A residency determination will not be set aside unless it is arbitrary and capricious (Appeal of Powell, 57 Ed Dept Rep, Decision No. 17,320; Appeal of White, 48 id. 295, Decision No. 15,863). In an appeal to the Commissioner, the petitioner has the burden of demonstrating a clear legal right to the relief requested (Appeal of Powell, 57 Ed Dept Rep, Decision No. 17,320; Appeal of White, 48 id. 295, Decision No. 15,863).
Petitioner has not met her burden of proving that the students reside within respondent’s district. As evidence, petitioner submits a copy of her driver’s license bearing the in-district address and an affidavit of her grandfather asserting that the students have resided therein since September 2024.

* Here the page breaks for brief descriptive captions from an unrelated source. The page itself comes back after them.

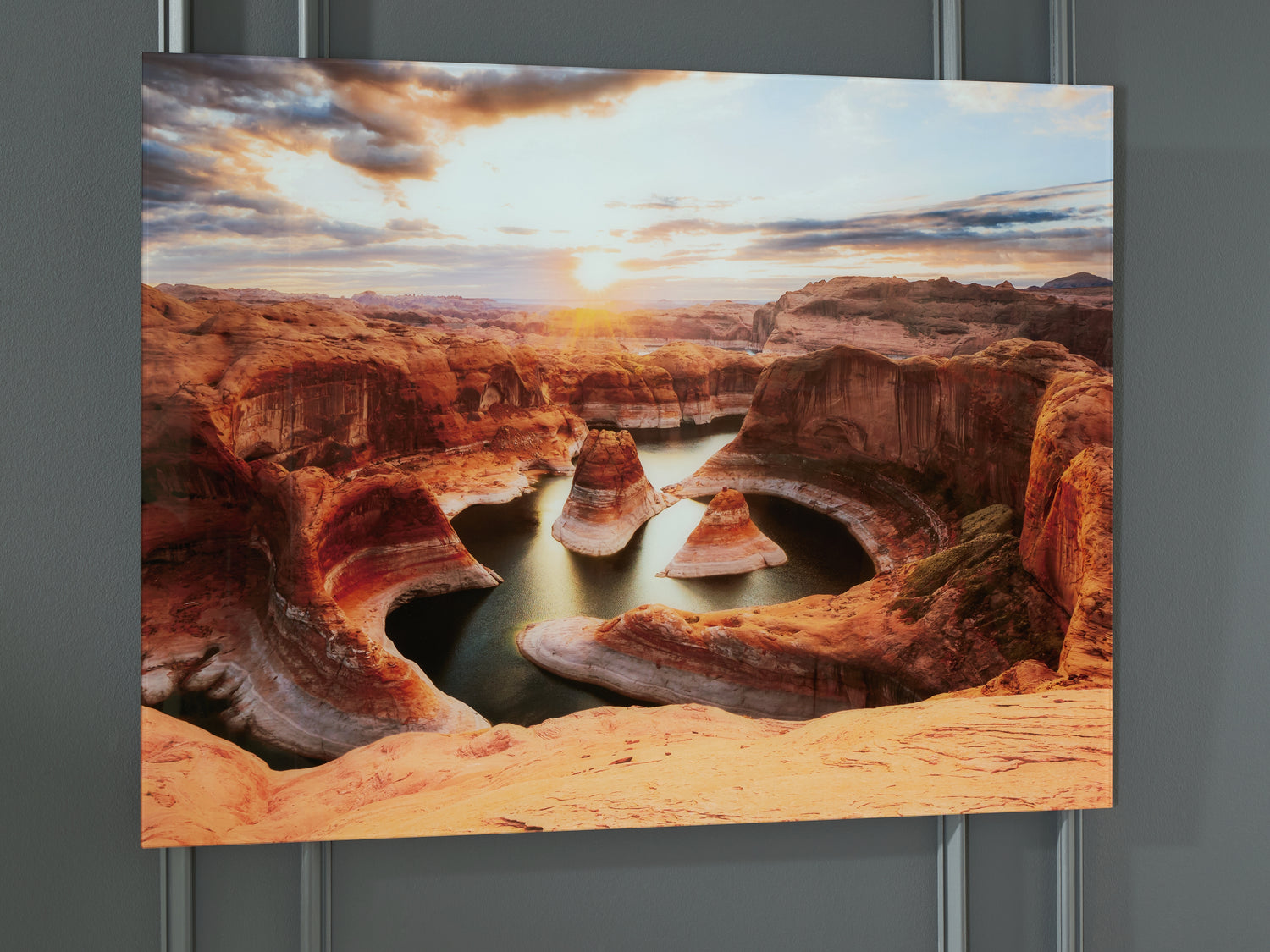 Deemsdon Blue/Amber Wall Art - A8000436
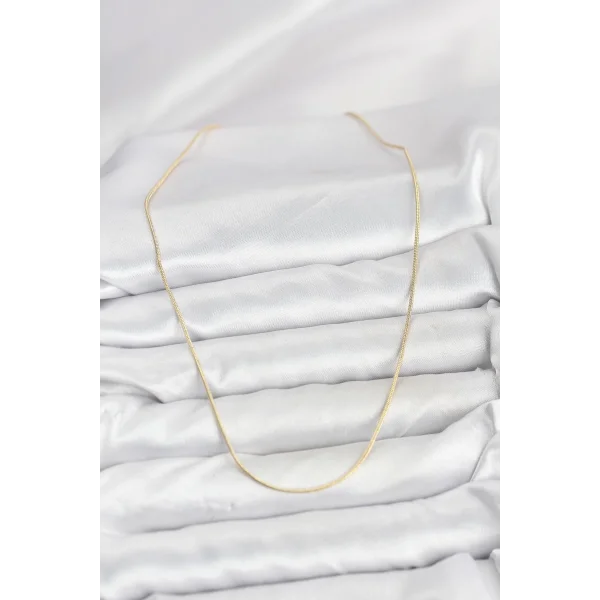 CM 14K Gold Renk Yılan Zincir Model Kadın Kolye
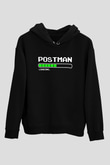 Postacı Siyah Unisex Kapüşonlu Sweatshirt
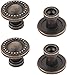 XYZOOM Metal Household Round Shape Retro Style Cabinet Cupboard Door Handle Pull Knob 4 Pcs Bronze Tone(7bb03 a0f69 8794e 0f4ac 9a8e6 013f6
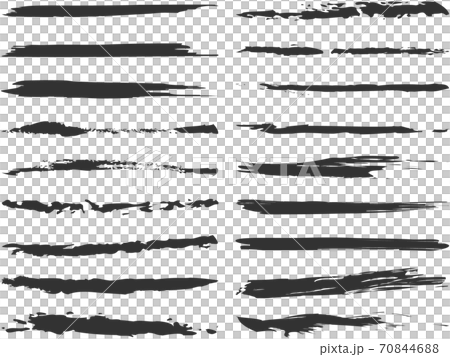 筆描きラインセット 2 70844688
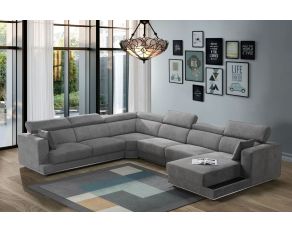 Alwin Sectional in Dark Gray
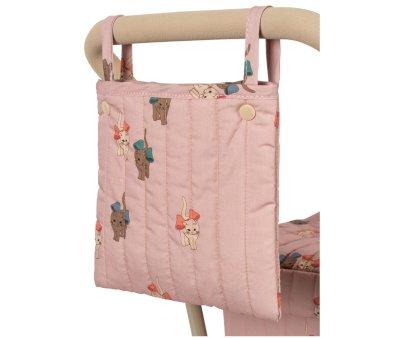 Carrozzina Bambole Minnie Bow Kitty Pink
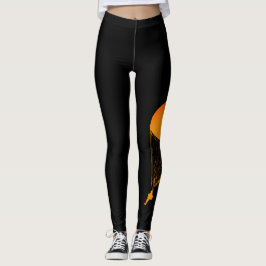 Leggings Negro aerotransportado/naranja de "Parachutiste"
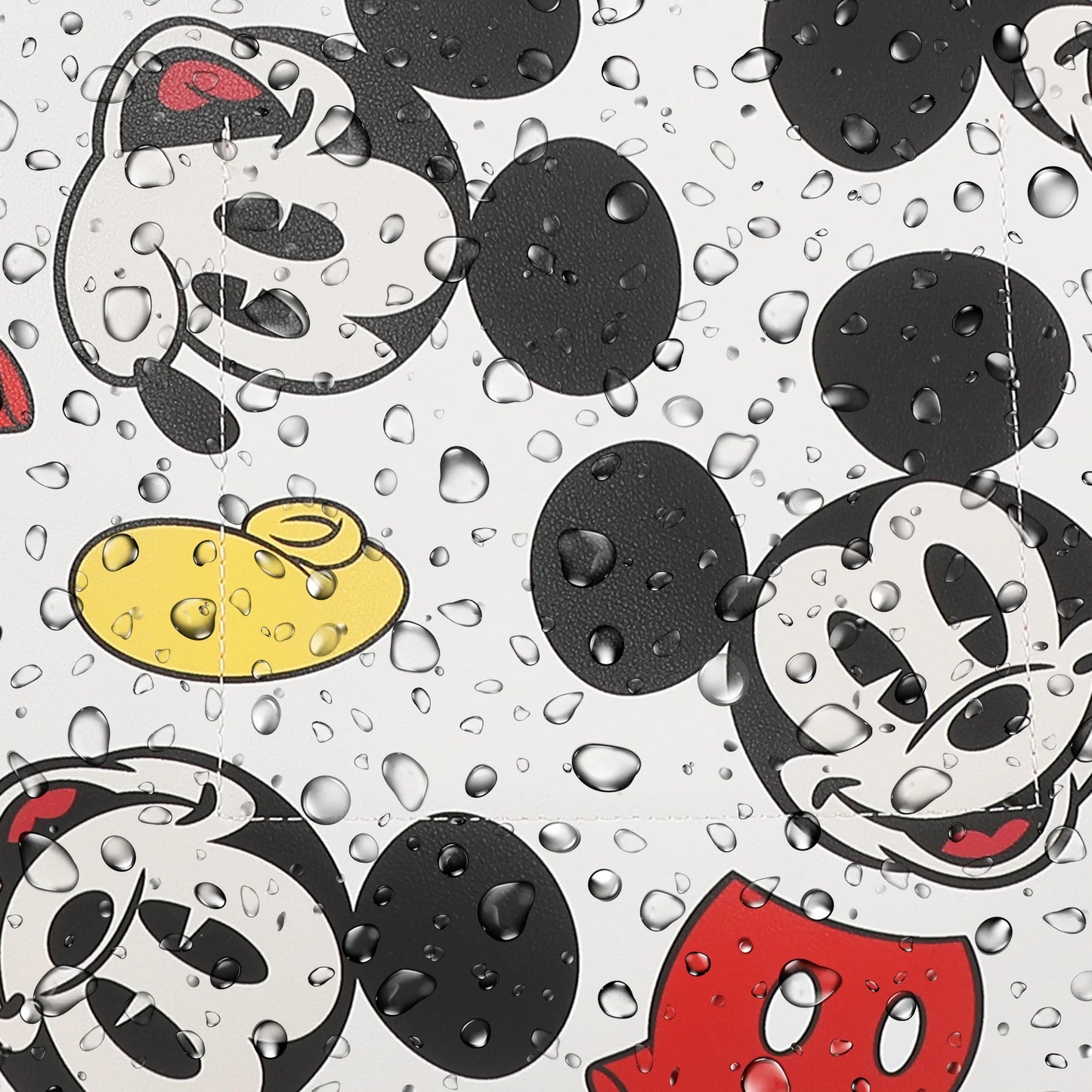 Disney Mickey Mouse Face Shoes & Shorts All-Over Print White 20" Tote Bag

This documentary evidence is unpersuasive when weighed against respondent’s surveillance evidence (see Appeal of Mauro, 58 Ed Dept Rep, Decision No. 17,494; Appeal of Brown, 54 id., Decision No. 16,644; Appeal of Gay, 54 id., Decision No. 16,636). As indicated above, an investigator observed petitioner and one or more of the students departing from the out-of-district address on four out of ten school mornings. The investigator did not observe petitioner or the students at the in-district address.[1] While petitioner asserts that the students only visit the out-of-district address three afternoons per week, the surveillance suggests a much greater degree of physical presence. As such, respondent’s determination cannot be considered arbitrary or capricious.
THE APPEAL IS DISMISSED.
END OF FILE
[1] Additionally, following commencement of this appeal, respondent conducted surveillance on three school day mornings in April 2025. Petitioner and the student were not observed at the in-district address but were observed, on one occasion, departing from the out-of-district address. While it does not affect the outcome of this appeal, I have nevertheless accepted this evidence in my discretion (Appeal of J.R., 62 Ed Dept Rep, Decision No. 18,193).